Until a few weeks before the summer began, I didn’t really have summer plans. I knew I was going to South Korea and Taiwan to help run two of our Yale Model United Nations Conferences (YMUN), but what I’d be doing after that was still in the air. I’d intended to study abroad in France for seven weeks, but then I was rejected from a scholarship and that threw everything off course.

Still, I worked my connections and managed to secure enough funding to take part in the experience. Today I find myself in Paris, where I’ll be for a total of seven weeks, staying with a host family and studying intensive intermediate French.

Afterward, thanks to some extreme budgeting on my behalf, I’ll be backpacking through five European cities, eventually ending up in Stockholm; from there, I’ll fly to Russia, where I’ll stay for one more week. I will be taking part in a leadership conference at the Preparing Global Leaders Summit in Moscow.

After that, I’ll come home for a grand three days. In August, two weeks before classes start, a scholarship program of which I am a recipient will fly me and my cohort to Guatemala for a service project. Never in a million years would I have imagined going to so many places in one summer, but it’s important to remember that the opportunities are there. As my study abroad fiasco proved, if there’s a will, there’s definitely a way.


I’m very excited to go back to campus. I miss my friends dearly. I didn’t think I’d say that so soon, especially not after my first semester. I didn’t find my “people” until my second semester, but I’ve learned that college is about the people who make it worth it. There will always be people who you do not get along with and people whose values do not align with your own. However, as someone told me, “It’s the people who make a place.” If you find the right people, you’ll make any place great.

Yale is a web of so many social groups. I’m very grateful that no one dominates the social scene, but I’m even more grateful that I was finally able to find my own niche and group of people on campus.
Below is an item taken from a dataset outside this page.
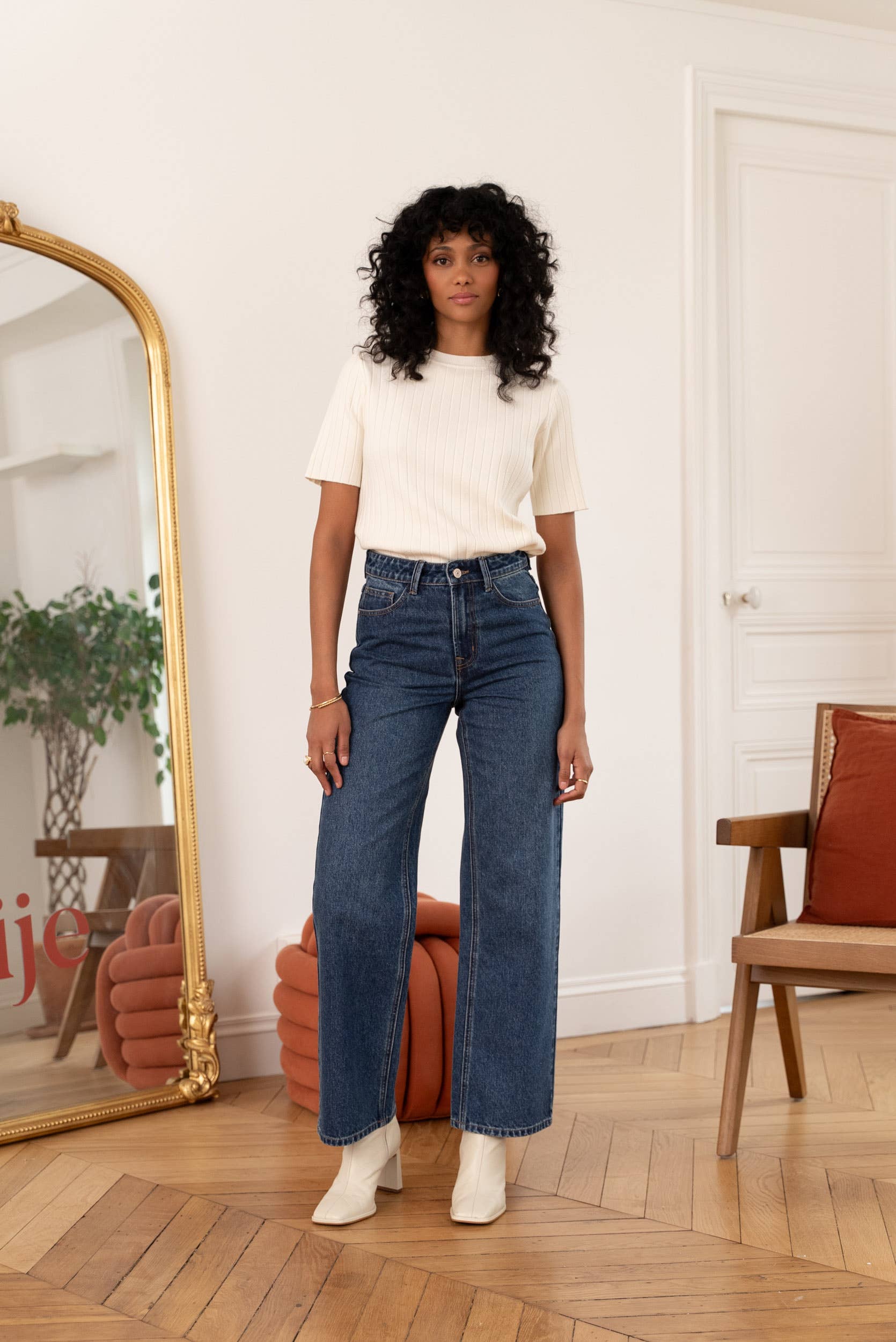 Oraije Paris – Engroshandel Jeans - Dame – Jean Raphael skærer bredt7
With all of this traveling, I do have to recognize that I wish I could spend more time at home. When my parents found out that I’d be home a grand total of seven days over the course of summer, they weren’t happy to say the least. Neither were my friends whom I hadn’t seen in more than six months.

This is the price we pay to take advantage of opportunities like these. My parents recognize that these opportunities are amazing, but they also want to spend time with me. I’ve come to learn that with each deposit into our lives, something will inevitably be moved or be pushed aside. I didn’t ever intend for it to be, but this summer, it’s my family that’s being pushed aside.

I’m trying my best to stay in communication with them, but between classes and the difference in time zones, it is very hard. I don’t know how likely I am to pack next summer as tightly as this one: my parents, friends and I all value spending time together. I’m glad I have the opportunity to get a feel for what it’s like to have something to do all summer, but if don’t know how I’d respond if you asked me if I’d do this again next summer. Half of me says yes, but the other half says no.

Seeing the world is important for a lot of reasons; but, Kansas is important too because its home.

I guess we’ll just have to wait and see what happens between now and then.